**Task brief**
Every entry below should appear in the answer exactly as written, apart from the pictures.

________

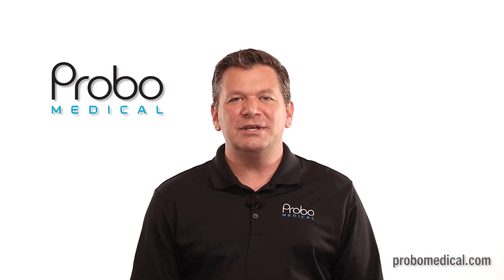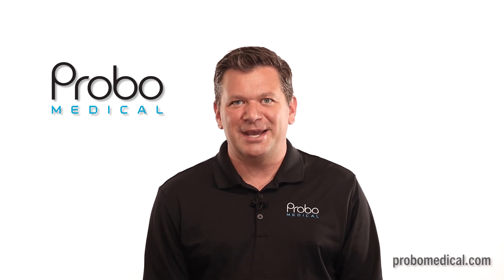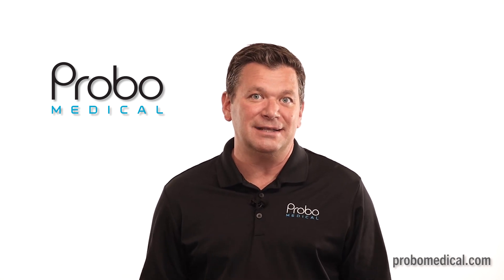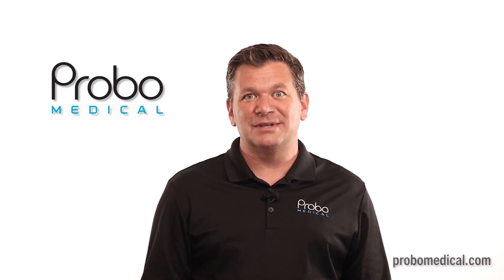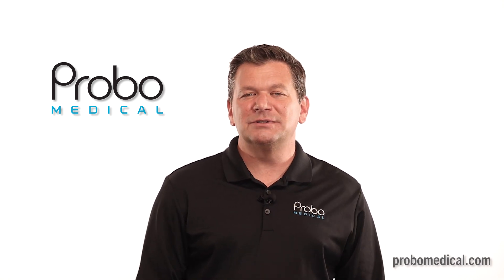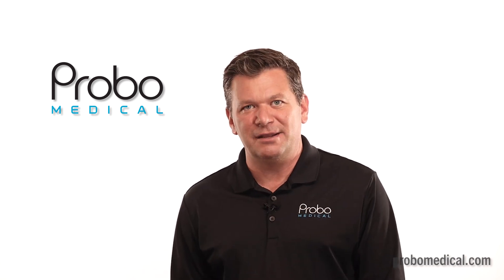For 3D/4D OBGYN, the GE Voluson has always been one of the favorites for many reasons, so when they told me that the Resona's 4D imaging was beautiful, I was a little skeptical. They told me it compares to earlier versions of the top rated GE Voluson E10, and for general purposes would be considered better than the Voluson E6 and E8. However, those needing advanced high-end features of the Voluson should look at the late models of the Voluson or the Mindray Imagine i9, which has the same 3D/4D as the Resona i9T but includes more advanced OBGYN features.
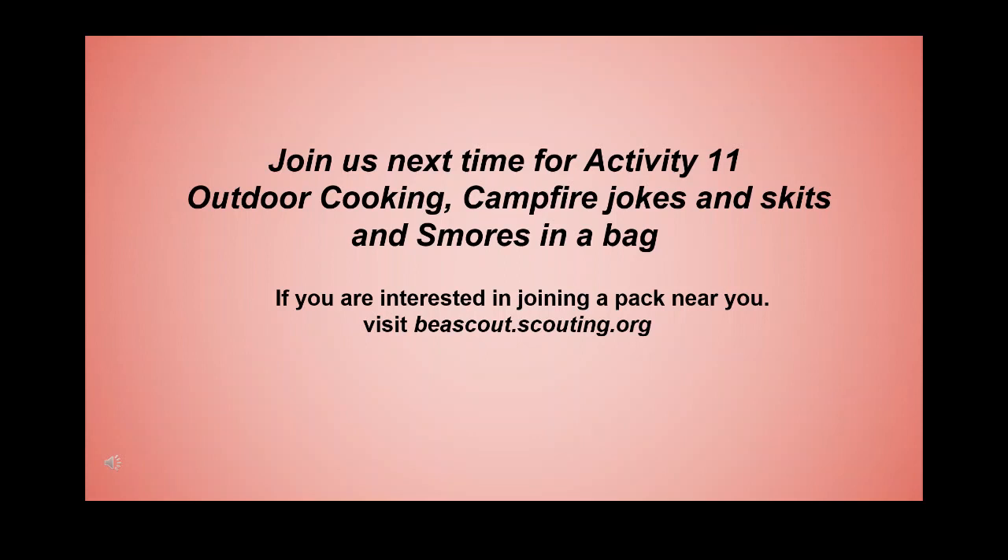Join us next time for activity 11: outdoor cooking, campfire jokes and skits, and s'mores in a bag. If you are interested in joining a pack near you, visit BeAScout.Scouting.org.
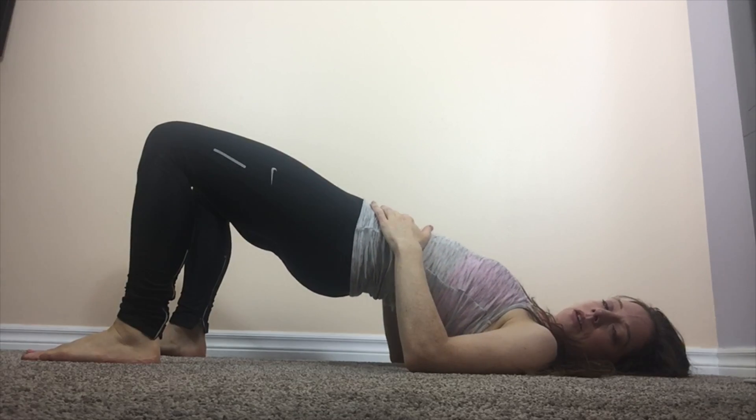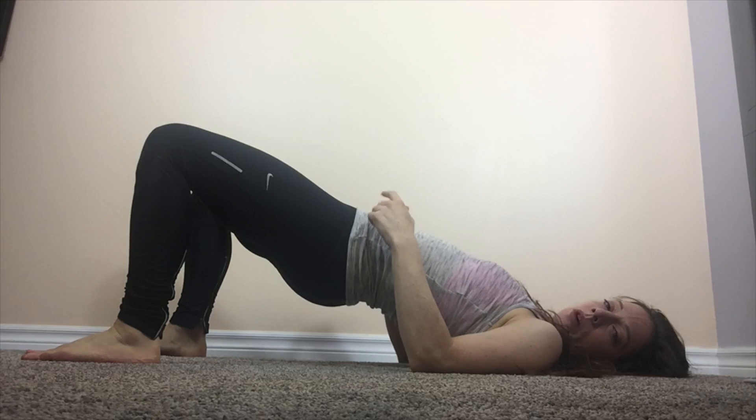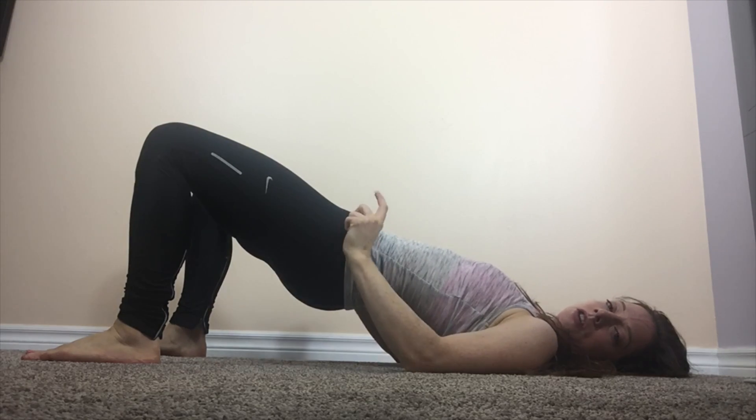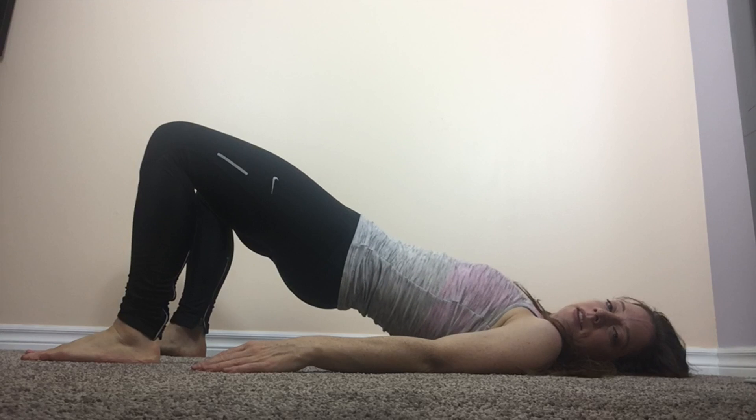What we're doing is we're raising up into a glute bridge, so the hips come up towards the ceiling. Mind your breath as you're doing this, and what we want to do is have a little tuck of the tailbone under as we exhale. So you can breathe in, and then on the exhale, it's just a slight tuck.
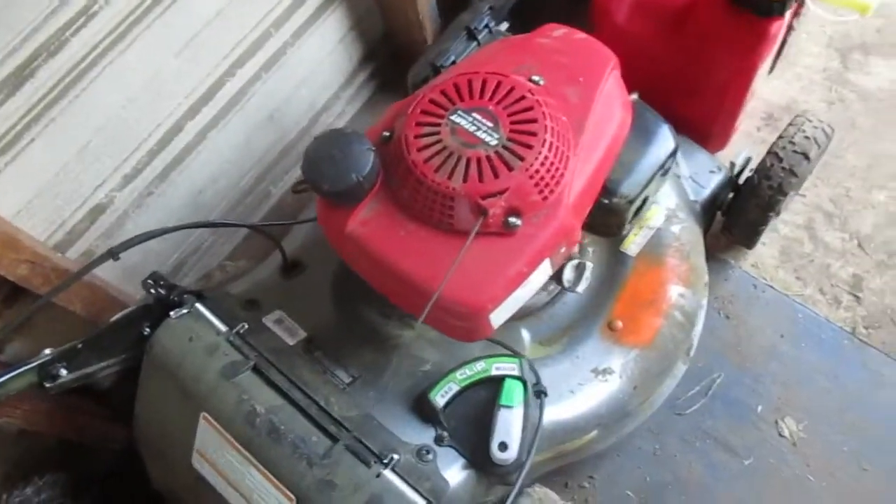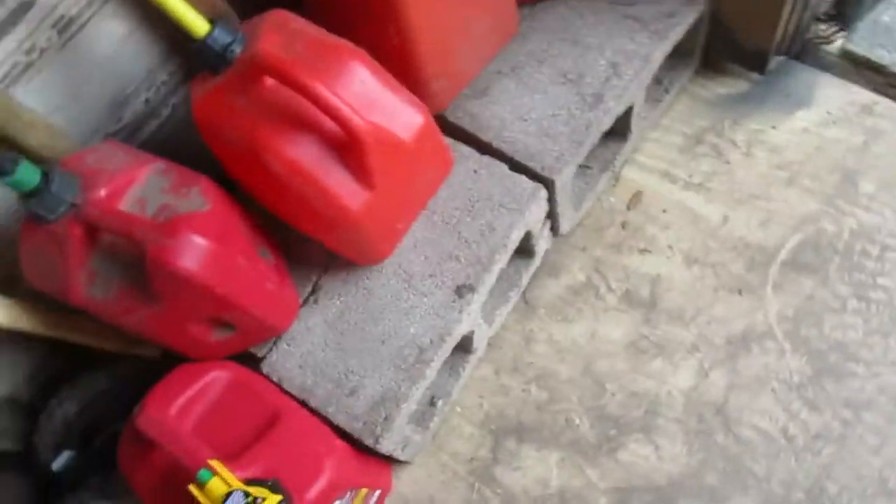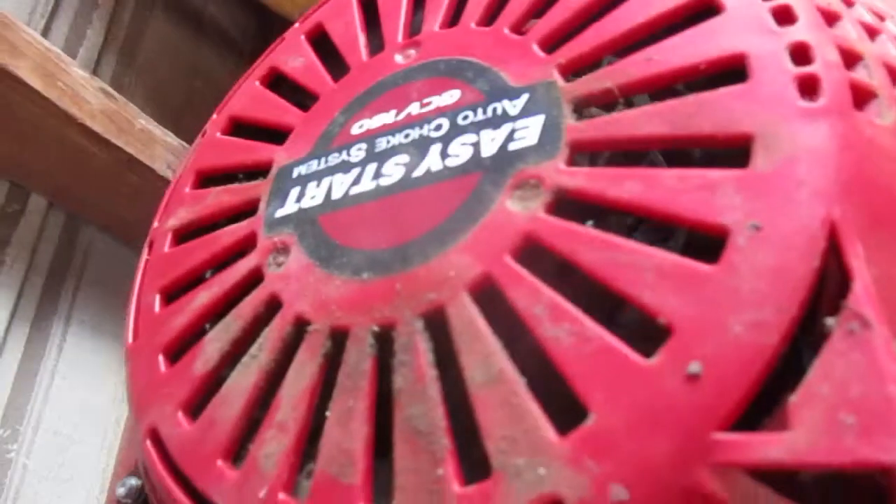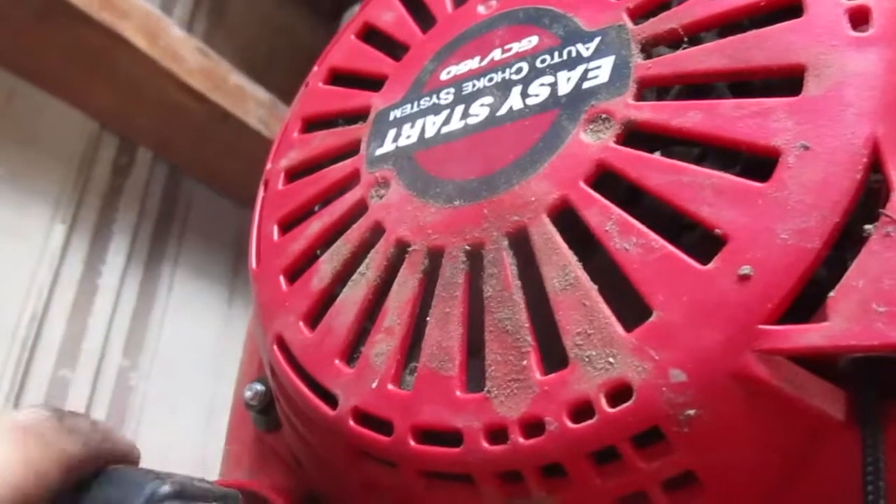I wanted to tell you something about the HRR 216 VYA mower — great mower, absolutely great machine. The fuel just amazes me. You can see there's just a lick on the bottom, so running this at full speed and doing all the mowing...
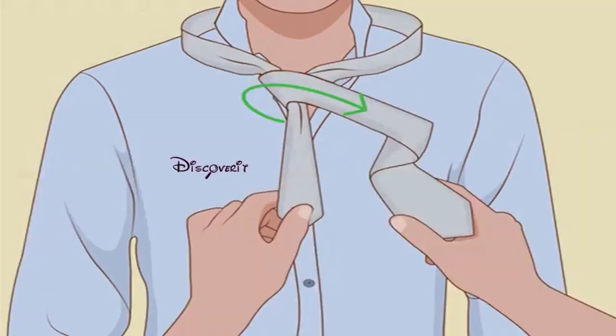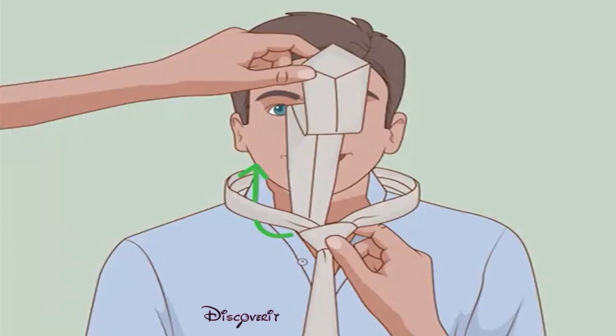Cross over one more time. Bring the wide end back over the narrow end as before. Pull up through the neck loop — fold the wide tip under itself and pull it up through the loop at the wearer's collar.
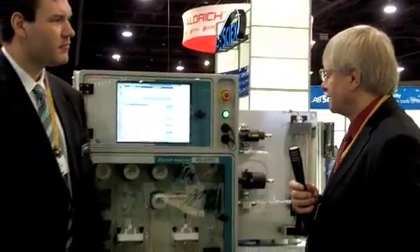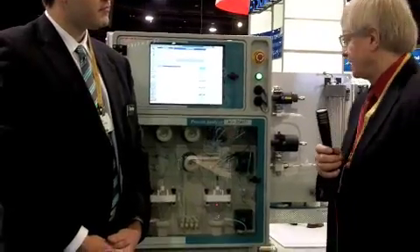Hi, I'm Tim Stutt, Editor-in-Chief of Laboratory Equipment, and we're at PITCOM 2011 with Nils Gell from Metrom. He's going to tell us about the Metrom ADI 2045 Ti Process Analyzer.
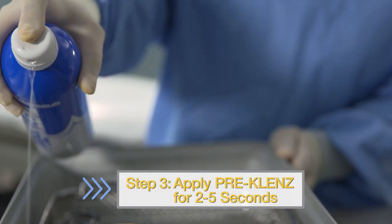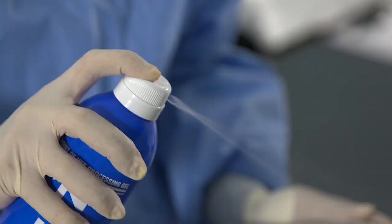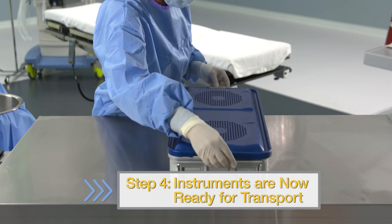Step 3: Apply the Pre-Cleanse gel for two to five seconds with a sweeping motion, and lift your finger to stop dispensing. Step 4: Instruments are now ready for transport.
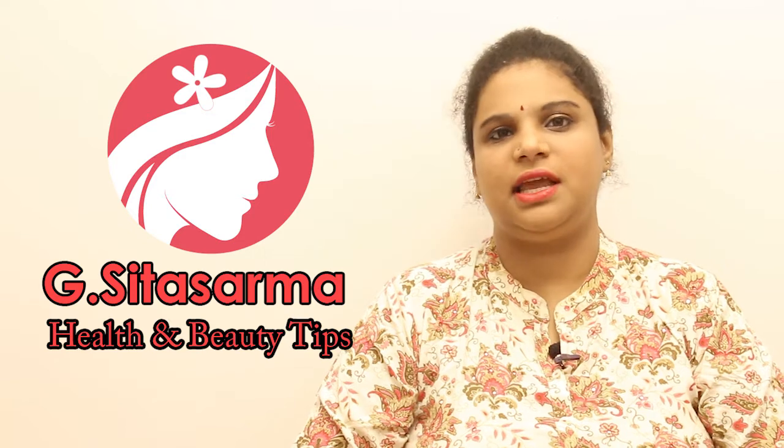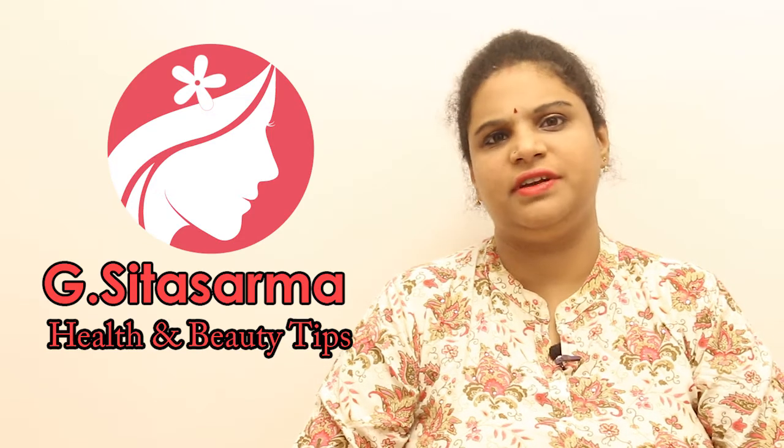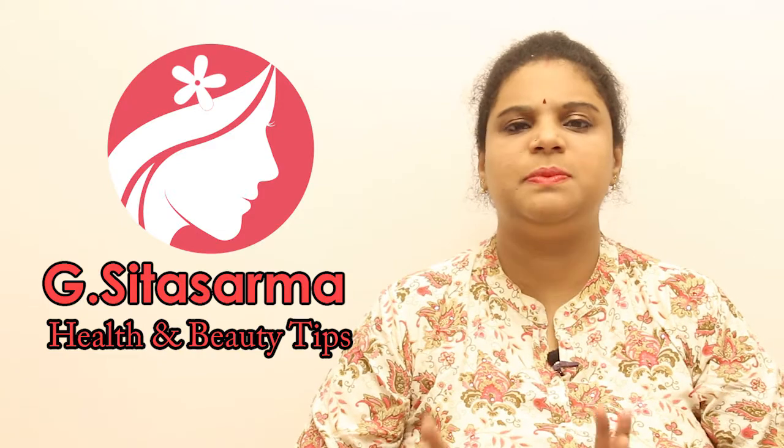Today I am talking about pollution and hair split ends.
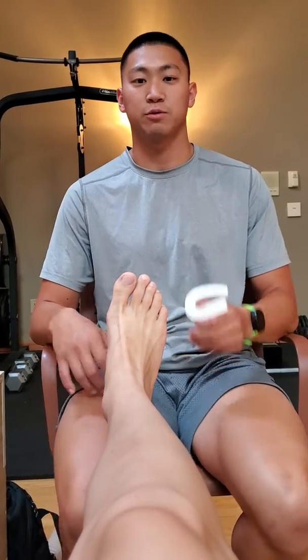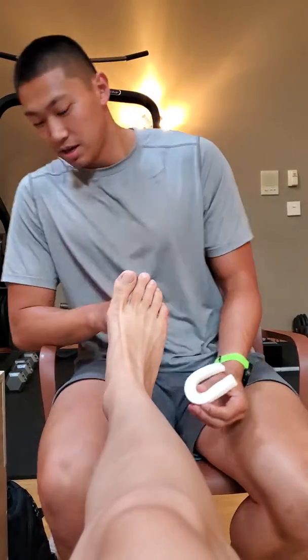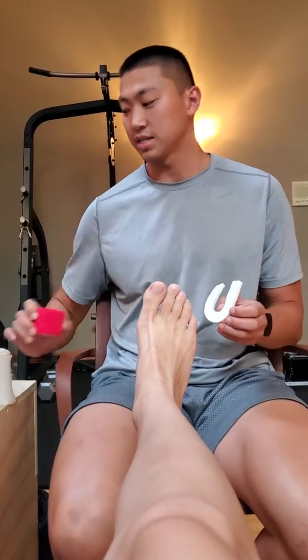This is Andrew Nesbitt. Today I'm going to be going over how to tape a horseshoe pad to a client that has ankle edema. I'm going to be using this rubber horseshoe pad, 4 inch bandage tape, and this red stretchy elastic tape.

________

**Result of this task**
For 3D/4D OBGYN, the GE Voluson has always been one of the favorites for many reasons, so when they told me that the Resona's 4D imaging was beautiful, I was a little skeptical. They told me it compares to earlier versions of the top rated GE Voluson E10, and for general purposes would be considered better than the Voluson E6 and E8. However, those needing advanced high-end features of the Voluson should look at the late models of the Voluson or the Mindray Imagine i9, which has the same 3D/4D as the Resona i9T but includes more advanced OBGYN features.
Join us next time for activity 11: outdoor cooking, campfire jokes and skits, and s'mores in a bag. If you are interested in joining a pack near you, visit BeAScout.Scouting.org.
What we're doing is we're raising up into a glute bridge, so the hips come up towards the ceiling. Mind your breath as you're doing this, and what we want to do is have a little tuck of the tailbone under as we exhale. So you can breathe in, and then on the exhale, it's just a slight tuck.
I wanted to tell you something about the HRR 216 VYA mower — great mower, absolutely great machine. The fuel just amazes me. You can see there's just a lick on the bottom, so running this at full speed and doing all the mowing...
Cross over one more time. Bring the wide end back over the narrow end as before. Pull up through the neck loop — fold the wide tip under itself and pull it up through the loop at the wearer's collar.
Hi, I'm Tim Stutt, Editor-in-Chief of Laboratory Equipment, and we're at PITCOM 2011 with Nils Gell from Metrom. He's going to tell us about the Metrom ADI 2045 Ti Process Analyzer.
Step 3: Apply the Pre-Cleanse gel for two to five seconds with a sweeping motion, and lift your finger to stop dispensing. Step 4: Instruments are now ready for transport.
Today I am talking about pollution and hair split ends.
This is Andrew Nesbitt. Today I'm going to be going over how to tape a horseshoe pad to a client that has ankle edema. I'm going to be using this rubber horseshoe pad, 4 inch bandage tape, and this red stretchy elastic tape.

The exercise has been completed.